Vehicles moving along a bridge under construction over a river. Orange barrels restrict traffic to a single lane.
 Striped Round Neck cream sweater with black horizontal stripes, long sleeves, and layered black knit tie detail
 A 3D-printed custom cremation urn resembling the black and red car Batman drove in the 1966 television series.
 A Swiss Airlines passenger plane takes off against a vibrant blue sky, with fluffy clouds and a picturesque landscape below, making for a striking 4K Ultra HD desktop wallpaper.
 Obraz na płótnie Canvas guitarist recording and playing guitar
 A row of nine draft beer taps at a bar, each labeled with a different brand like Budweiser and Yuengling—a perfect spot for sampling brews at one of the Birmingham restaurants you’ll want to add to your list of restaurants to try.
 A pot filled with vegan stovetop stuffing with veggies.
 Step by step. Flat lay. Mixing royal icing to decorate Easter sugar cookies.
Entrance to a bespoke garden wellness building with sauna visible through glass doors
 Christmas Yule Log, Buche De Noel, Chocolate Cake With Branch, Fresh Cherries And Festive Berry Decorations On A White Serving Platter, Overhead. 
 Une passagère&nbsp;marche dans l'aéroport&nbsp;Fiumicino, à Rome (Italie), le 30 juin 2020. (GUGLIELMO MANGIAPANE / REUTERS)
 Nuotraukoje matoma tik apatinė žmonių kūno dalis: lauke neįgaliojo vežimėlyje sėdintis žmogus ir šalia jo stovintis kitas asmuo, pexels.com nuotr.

################

TASK STATEMENT:
Write out the entries above word for word.

YOUR RESPONSE:
Vehicles moving along a bridge under construction over a river. Orange barrels restrict traffic to a single lane.
 Striped Round Neck cream sweater with black horizontal stripes, long sleeves, and layered black knit tie detail
 A 3D-printed custom cremation urn resembling the black and red car Batman drove in the 1966 television series.
 A Swiss Airlines passenger plane takes off against a vibrant blue sky, with fluffy clouds and a picturesque landscape below, making for a striking 4K Ultra HD desktop wallpaper.
 Obraz na płótnie Canvas guitarist recording and playing guitar
 A row of nine draft beer taps at a bar, each labeled with a different brand like Budweiser and Yuengling—a perfect spot for sampling brews at one of the Birmingham restaurants you’ll want to add to your list of restaurants to try.
 A pot filled with vegan stovetop stuffing with veggies.
 Step by step. Flat lay. Mixing royal icing to decorate Easter sugar cookies.
Entrance to a bespoke garden wellness building with sauna visible through glass doors
 Christmas Yule Log, Buche De Noel, Chocolate Cake With Branch, Fresh Cherries And Festive Berry Decorations On A White Serving Platter, Overhead. 
 Une passagère&nbsp;marche dans l'aéroport&nbsp;Fiumicino, à Rome (Italie), le 30 juin 2020. (GUGLIELMO MANGIAPANE / REUTERS)
 Nuotraukoje matoma tik apatinė žmonių kūno dalis: lauke neįgaliojo vežimėlyje sėdintis žmogus ir šalia jo stovintis kitas asmuo, pexels.com nuotr.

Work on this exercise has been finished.